Le Défendeur est Audrey BOFFY, France.
2. Nom de domaine et unité d’enregistrement
Le nom de domaine litigieux est enregistré auprès de Hostinger Operations, UAB (ci- après désigné “l’Unité d’enregistrement”).
3. Rappel de la procédure
Une plainte a été déposée en français par Qualibat auprès du Centre d’arbitrage et de médiation de l’Organisation Mondiale de la Propriété Intellectuelle (ci-après désigné le “Centre”) en date du 19 février 2024. En date du 19 février 2024, le Centre a adressé une requête à l’Unité d’enregistrement aux fins de vérification des éléments du litige, tels que communiqués par le Requérant. Le 20 février 2024, l’Unité d’enregistrement a transmis sa vérification au Centre révélant l’identité du titulaire du nom de domaine litigieux et ses coordonnées, différentes du nom du Défendeur et des coordonnées désignés dans la plainte (Domain Admin Privacy Protect, LLC). Le 20 février 2024, le Centre a envoyé un courrier électronique au Requérant avec les données relatives au titulaire du nom de domaine litigieux telles que communiquées par l’Unité d’enregistrement et invitant le Requérant à soumettre une plainte amendée. Le Requérant a déposé une plainte amendée le 26 février 2024.
Le 20 février 2024, le Centre a informé les parties, en anglais et en français, que la langue du contrat d’enregistrement du nom de domaine litigieux était l’anglais. Le 26 février 2024, le Requérant a confirmé sa demande que le français soit la langue de la procédure.

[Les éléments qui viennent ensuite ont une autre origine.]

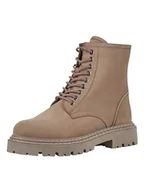 Botki damskie - MARCO TOZZI Damskie botki Laced 2-25239-43, taupe nubuk, 36 EU - miniaturka - grafika 1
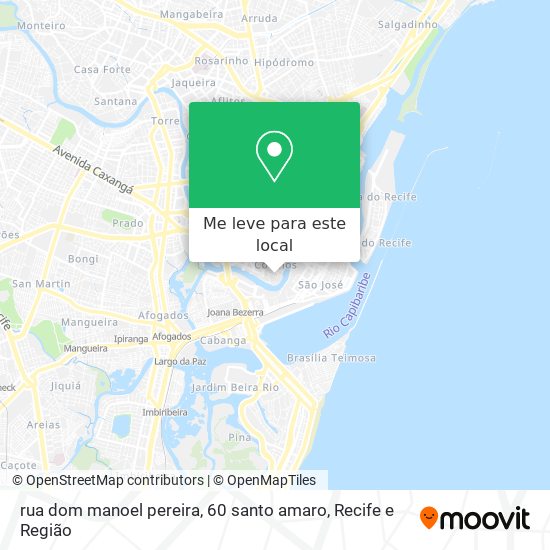 rua dom manoel pereira, 60 santo amaro mapa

Le Défendeur n’a pas commenté la demande du Requérant.
Le Centre a vérifié que la plainte et la plainte amendée soient conformes aux Principes directeurs régissant le Règlement uniforme des litiges relatifs aux noms de domaine (ci-après dénommés “Principes directeurs”), aux Règles d’application des Principes directeurs (ci-après dénommées les “Règles d’application”), et aux Règles supplémentaires de l’OMPI (ci-après dénommées les “Règles supplémentaires”) pour l’application des Principes directeurs précités.
page 2
Conformément aux paragraphes 2 et 4 des Règles d’application, le 29 février 2024, une notification de la plainte valant ouverture de la présente procédure administrative, a été adressée au Défendeur. Conformément au paragraphe 5 des Règles d’application, le dernier délai pour faire parvenir une réponse était le 20 mars 2024. Le Défendeur n’a fait parvenir aucune réponse. En date du 21 mars 2024, le Centre notifiait le défaut du Défendeur.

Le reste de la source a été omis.